As we’ve discussed before on The Vendry, because of the added tech aspects, virtual events may require more attendee hand holding than in-person events. This is why a dedicated landing page for your event is critical. It should include information such as the event dates, agenda, price, tech specs (like, is a webcam necessary?), and more. By creating a well-designed, designated landing microsite (instead of a page buried within the main company website), it will signal to potential attendees that the event is worth their time and money.
“If you are a brand, publication, or any organization hosting a virtual event, having a dedicated website and event branding will create a greater perceived value for your event rather than seeming like an afterthought on your existing website,” explains Ryan Coan, C.E.O. of Creative Riff, the experiential agency that recently created FX Networks’ virtual activation for Comic-Con@Home.
This web presence also allows companies to cut through the digital noise and stand out among the endless invites to Zoom webinars. “Not all but some companies do not make a large enough investment in the storytelling piece of event promotion. We need to tell a compelling story about what consumers are being invited to attend, considering all the options they have online,” Coan says. “It's even more important if you want them to pay to attend. Banner ads and email blasts help for sure, but virtual events should be approached like film. Use content to tease and excite the audience, to show them how this event is special and preview the impactful experience you are selling.”
If you’ve pre-recorded content for your virtual event, consider releasing a teaser video, which can be shared via email, social, and the event website, to entice folks to register. Just like promoting a TV show or movie, you’ll want to lure in potential attendees with the promise of more to come. Plus, it’s something you wouldn’t be able to do if you were hosting a totally live event.

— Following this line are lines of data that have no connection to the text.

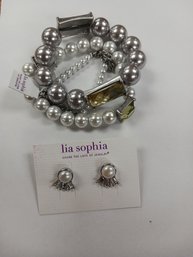 Lisa Sophia Bracelet, Earrings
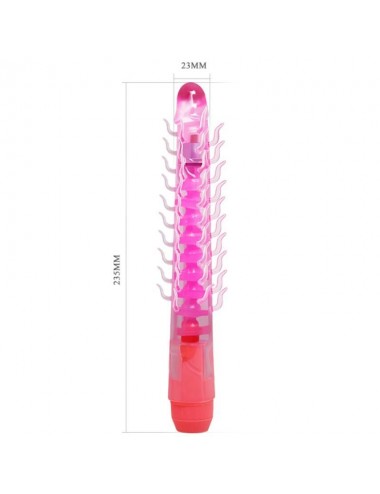 BAILE - FLEXI VIBE SENSUAL SPINE BENDABLE VIBRATING DILDO LILAC 23.5 CM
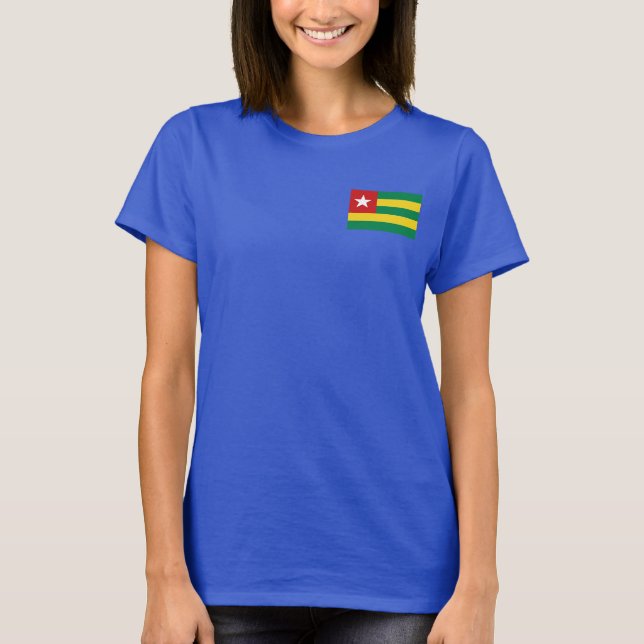 Camiseta Sinalizador Togo e T-Shirt Map Dk (Frente)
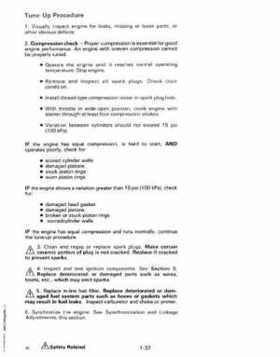 1988 "CC" Colt / Junior thru 8 Models Service Repair Manual, P/N 507659, Page 62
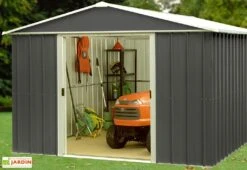 Abri De Jardin Acier Galvanisé Anthracite 217 X 202 Cm 4,38 M² -Solid || Axi || EXIT TOYS Soldes Boutique abri jardin metal acier galvanise trigano 1 1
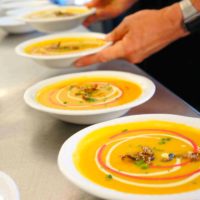 Roasted Winter Squash & White Miso Soup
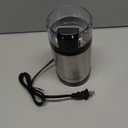 BLACK+DECKER One Touch Coffee Grinder, 2/3 Cup Coffee Bean Capacity, Spice Grinder, One Touch Push-Button Control -150 Watts -Stainless Steel Blades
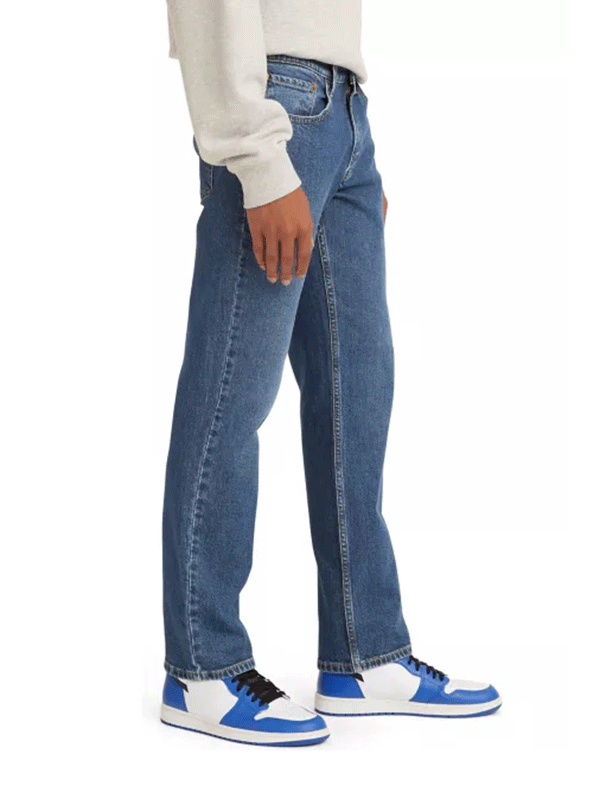 Levi's 005141620 Men's Straight Fit Stretch Jeans - Medium Wash Denim Pants for Casual Wear & Everyday Comfort | Perfect for Office, Dating & Weekend Outings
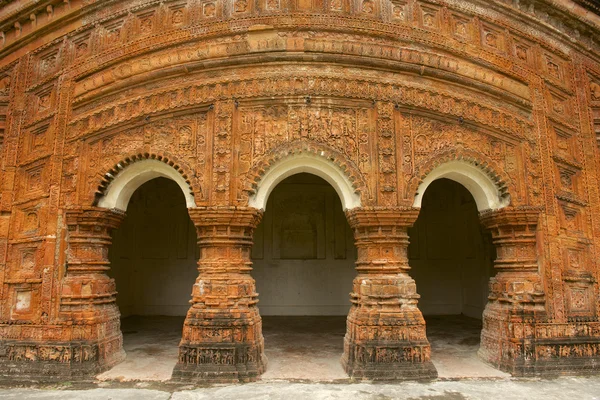 Templo Hindú en Puthia, Bangladesh . — Foto de Stock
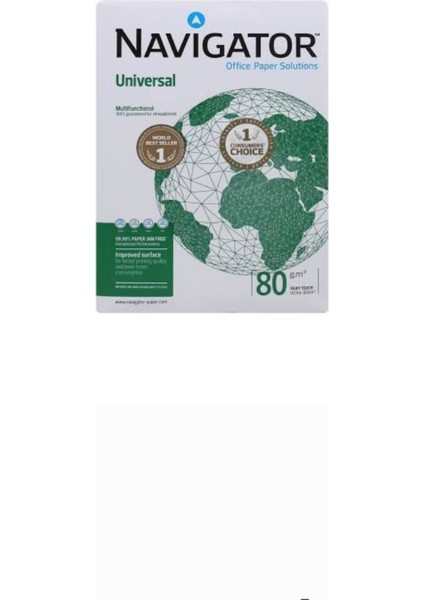 1000 Yaprak A4 Fotokopi Kagıdı 2 Paket 80 G Navigator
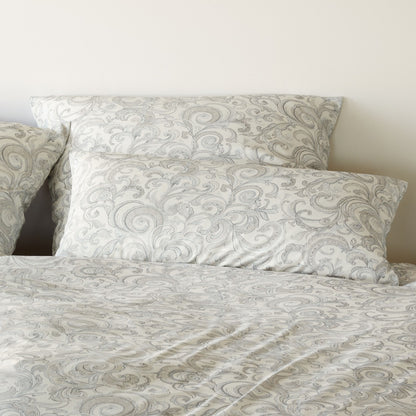 Elegante Interlock Jersey Bettwäsche Grace 3624-7 sand Ranken 135x200
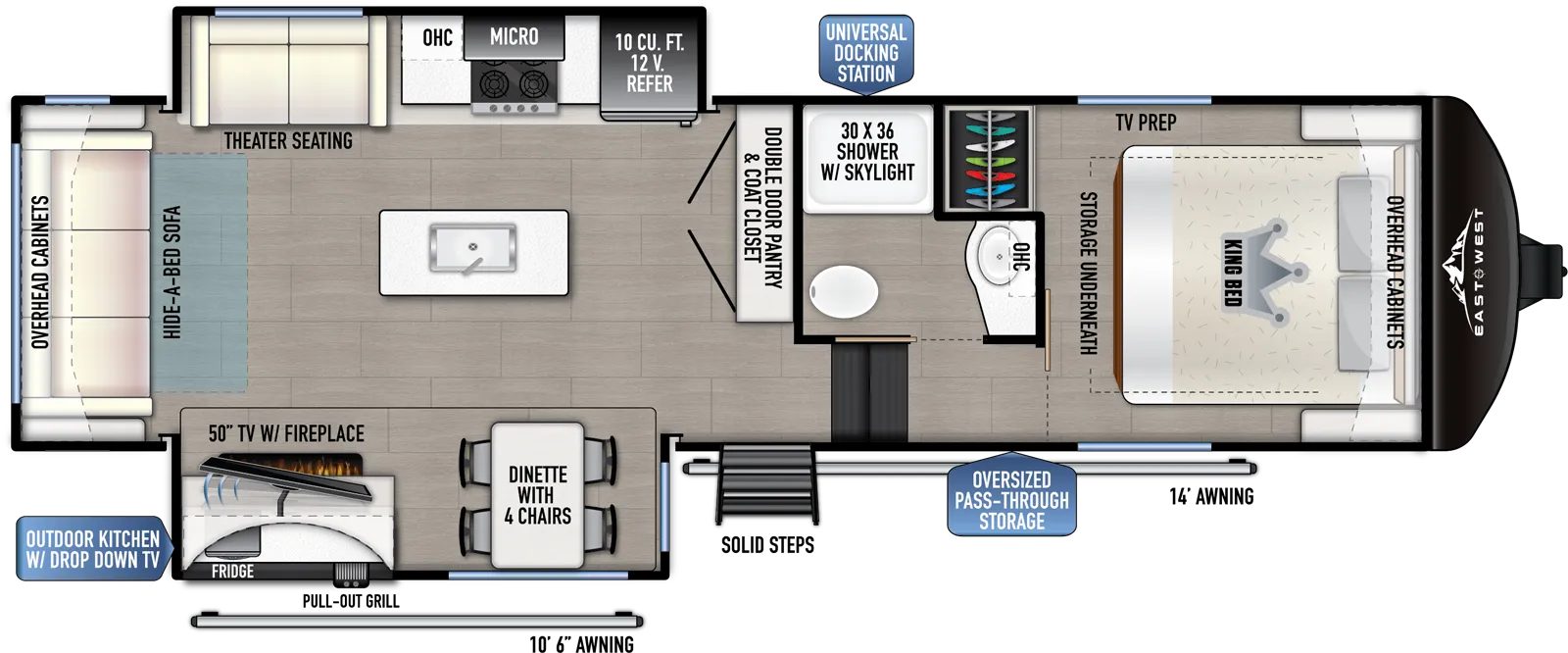 Tandara 28RL-OK Floorplan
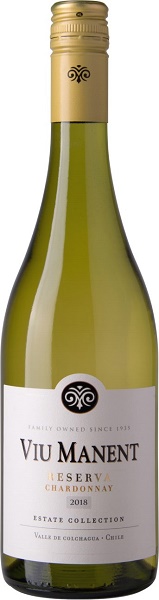 Вино Вью Манент Эстейт Коллекшн Резерва Шардоне (Viu Manent Chardonnay) белое сухое 0,75л 14%.
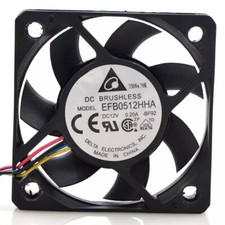 Delta EFB0512HHA 5010 5cm 12V 0.2A Server Cooling Fan picture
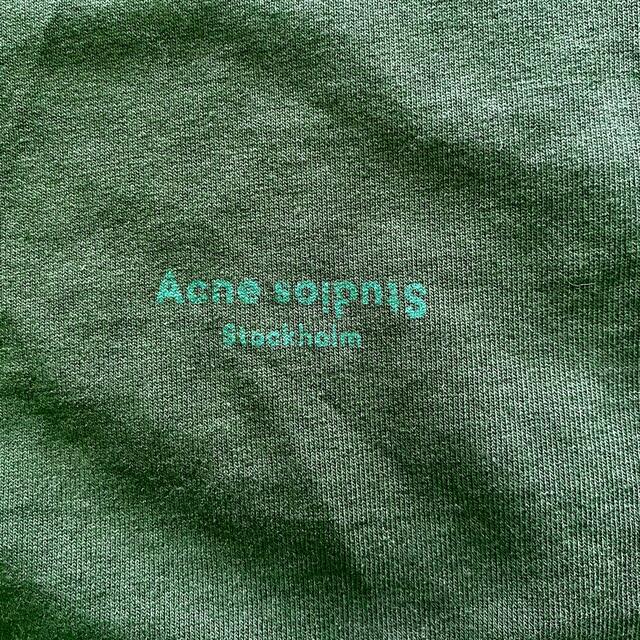 Acne Studios ビッグシルエット Tシャツ グリーンTOHNEC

Coan also says that a virtual event can serve as its own kind of marketing. “We can also use digital events to convert digital attendees to physical attendees for future events, i.e. someone attended virtual Comic-Con and loved it and decided they now want to invest and travel to the real thing, but never would have thought twice about it if they didn’t sample the experience, community, etereca online.” This is why it’s important to devote as much effort into hosting a virtual event as you would an IRL event.
Since virtual events can be a tougher sell than in-person events, an innovative event marketing strategy is the key to generating attendee turnout and making it feel even better than the “real” thing.